Exercise
For the records below, report how many lines include the word "Laser". Only the number should appear.

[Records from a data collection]
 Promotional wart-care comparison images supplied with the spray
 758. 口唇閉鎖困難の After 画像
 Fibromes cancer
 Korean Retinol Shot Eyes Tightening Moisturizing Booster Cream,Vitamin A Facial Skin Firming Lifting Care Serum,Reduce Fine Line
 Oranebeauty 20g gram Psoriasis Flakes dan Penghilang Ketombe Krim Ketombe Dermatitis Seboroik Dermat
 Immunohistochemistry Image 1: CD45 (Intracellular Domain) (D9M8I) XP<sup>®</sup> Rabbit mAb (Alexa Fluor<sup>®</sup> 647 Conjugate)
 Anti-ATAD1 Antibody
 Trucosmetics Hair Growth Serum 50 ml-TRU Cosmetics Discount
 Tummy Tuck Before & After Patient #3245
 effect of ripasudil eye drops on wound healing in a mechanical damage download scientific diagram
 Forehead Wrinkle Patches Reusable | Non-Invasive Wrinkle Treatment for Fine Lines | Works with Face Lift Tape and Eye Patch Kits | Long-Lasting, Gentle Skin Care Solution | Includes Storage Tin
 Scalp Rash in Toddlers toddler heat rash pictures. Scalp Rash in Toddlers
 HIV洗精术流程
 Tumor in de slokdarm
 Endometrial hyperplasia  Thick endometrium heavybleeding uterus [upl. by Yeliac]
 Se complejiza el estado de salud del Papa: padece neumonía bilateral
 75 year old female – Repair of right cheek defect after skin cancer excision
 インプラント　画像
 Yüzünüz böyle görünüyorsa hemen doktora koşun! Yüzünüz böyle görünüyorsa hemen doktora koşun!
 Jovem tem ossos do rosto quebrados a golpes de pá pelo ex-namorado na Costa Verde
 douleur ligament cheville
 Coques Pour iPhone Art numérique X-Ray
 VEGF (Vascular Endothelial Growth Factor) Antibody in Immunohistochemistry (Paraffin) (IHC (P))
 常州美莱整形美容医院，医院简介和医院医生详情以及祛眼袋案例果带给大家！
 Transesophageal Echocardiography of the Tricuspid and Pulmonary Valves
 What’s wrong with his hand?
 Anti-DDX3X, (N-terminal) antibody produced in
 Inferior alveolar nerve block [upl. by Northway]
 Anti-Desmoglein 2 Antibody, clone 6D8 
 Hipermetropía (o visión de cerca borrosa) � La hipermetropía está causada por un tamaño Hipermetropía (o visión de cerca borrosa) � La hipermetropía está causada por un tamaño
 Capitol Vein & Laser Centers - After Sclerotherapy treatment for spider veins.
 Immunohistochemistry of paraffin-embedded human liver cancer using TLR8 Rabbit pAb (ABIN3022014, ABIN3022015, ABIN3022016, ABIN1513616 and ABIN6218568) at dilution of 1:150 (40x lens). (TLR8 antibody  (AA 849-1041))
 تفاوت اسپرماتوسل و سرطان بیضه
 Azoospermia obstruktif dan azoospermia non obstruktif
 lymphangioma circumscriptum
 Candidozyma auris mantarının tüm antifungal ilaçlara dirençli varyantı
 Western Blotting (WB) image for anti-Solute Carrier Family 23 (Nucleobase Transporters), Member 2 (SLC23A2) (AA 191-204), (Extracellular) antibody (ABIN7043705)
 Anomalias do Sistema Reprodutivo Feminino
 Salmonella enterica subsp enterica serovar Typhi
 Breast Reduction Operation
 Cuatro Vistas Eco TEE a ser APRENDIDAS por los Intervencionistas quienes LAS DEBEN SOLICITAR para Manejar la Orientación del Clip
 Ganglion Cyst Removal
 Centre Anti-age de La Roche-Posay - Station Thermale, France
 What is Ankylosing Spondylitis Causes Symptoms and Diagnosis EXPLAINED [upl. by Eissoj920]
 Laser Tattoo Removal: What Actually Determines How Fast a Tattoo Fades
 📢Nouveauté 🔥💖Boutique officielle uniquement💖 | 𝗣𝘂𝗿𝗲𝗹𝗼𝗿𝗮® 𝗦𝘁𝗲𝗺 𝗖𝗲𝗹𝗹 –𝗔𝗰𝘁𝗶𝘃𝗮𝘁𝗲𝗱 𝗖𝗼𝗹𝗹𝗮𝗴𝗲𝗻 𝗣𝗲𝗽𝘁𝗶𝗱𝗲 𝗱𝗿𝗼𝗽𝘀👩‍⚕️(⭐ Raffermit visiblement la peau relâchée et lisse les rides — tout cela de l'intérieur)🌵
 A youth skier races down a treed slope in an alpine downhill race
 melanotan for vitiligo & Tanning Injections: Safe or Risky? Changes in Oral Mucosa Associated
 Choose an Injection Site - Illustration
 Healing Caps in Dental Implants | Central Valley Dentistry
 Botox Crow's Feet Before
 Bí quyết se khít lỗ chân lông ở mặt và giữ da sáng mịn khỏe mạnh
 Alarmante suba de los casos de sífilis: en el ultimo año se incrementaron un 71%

Answer for this exercise
2